• [TASK REQUIREMENTS]
Among the entries below, retype exactly the lines starting with the one with "Den online show from October 21, 11:46 am" and going on through the one with "Used 2016 Subaru", but not the pictures.

====== DATA TO USE ======

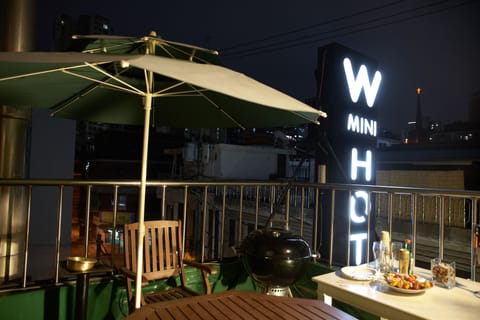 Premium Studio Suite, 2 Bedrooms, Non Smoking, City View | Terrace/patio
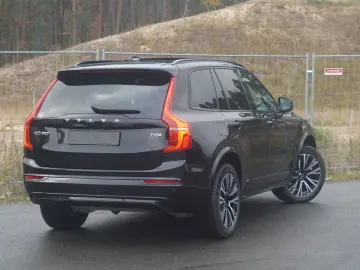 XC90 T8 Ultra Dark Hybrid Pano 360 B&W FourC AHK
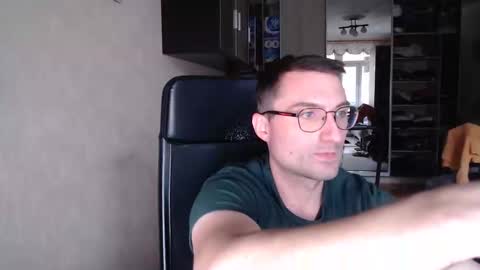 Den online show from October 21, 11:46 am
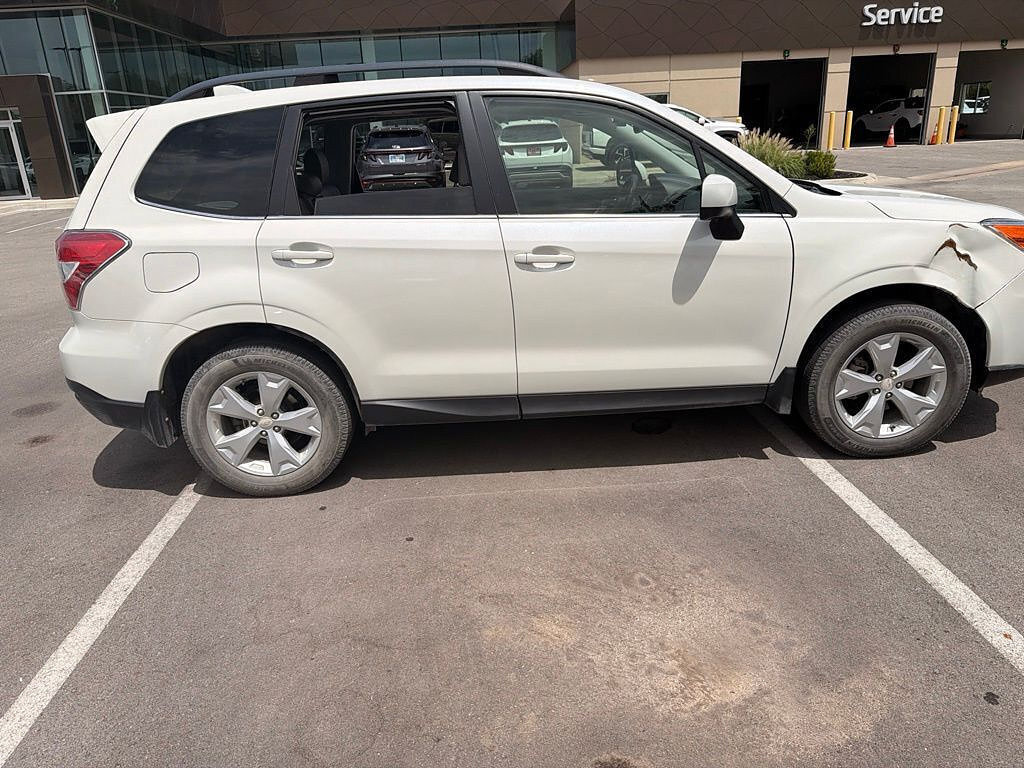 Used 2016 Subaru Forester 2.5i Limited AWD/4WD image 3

======
====== DATA TO USE ======

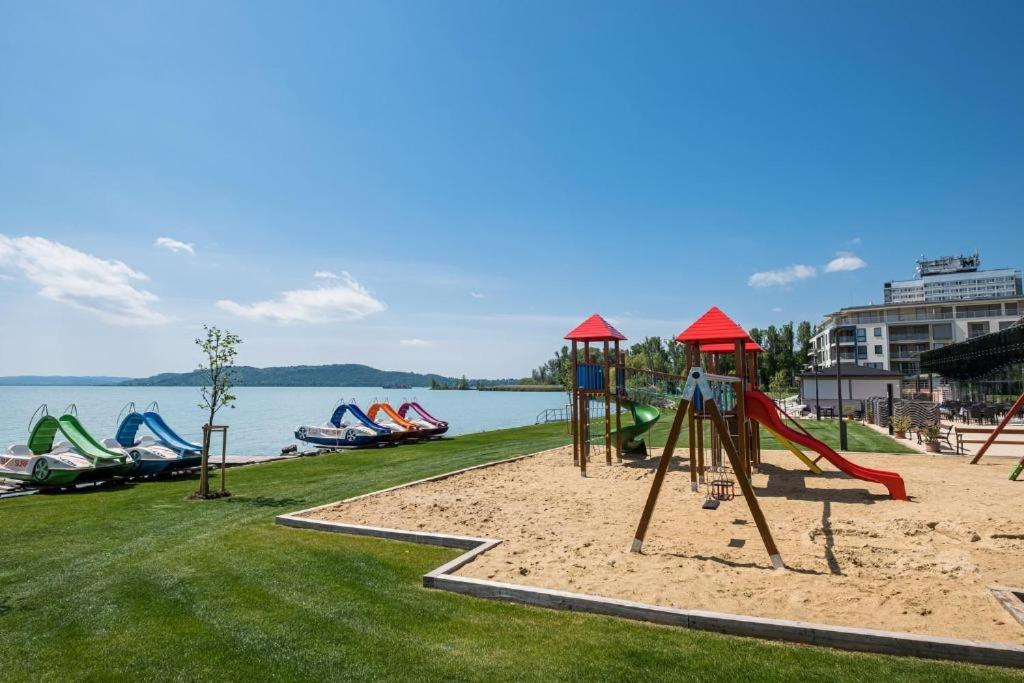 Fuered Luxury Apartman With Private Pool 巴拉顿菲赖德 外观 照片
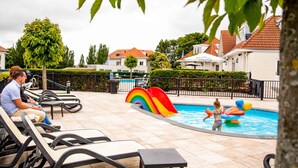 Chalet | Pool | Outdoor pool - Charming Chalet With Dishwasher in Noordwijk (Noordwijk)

======

• [WRITTEN REPLY]
 Den online show from October 21, 11:46 am
 Used 2016 Subaru Forester 2.5i Limited AWD/4WD image 3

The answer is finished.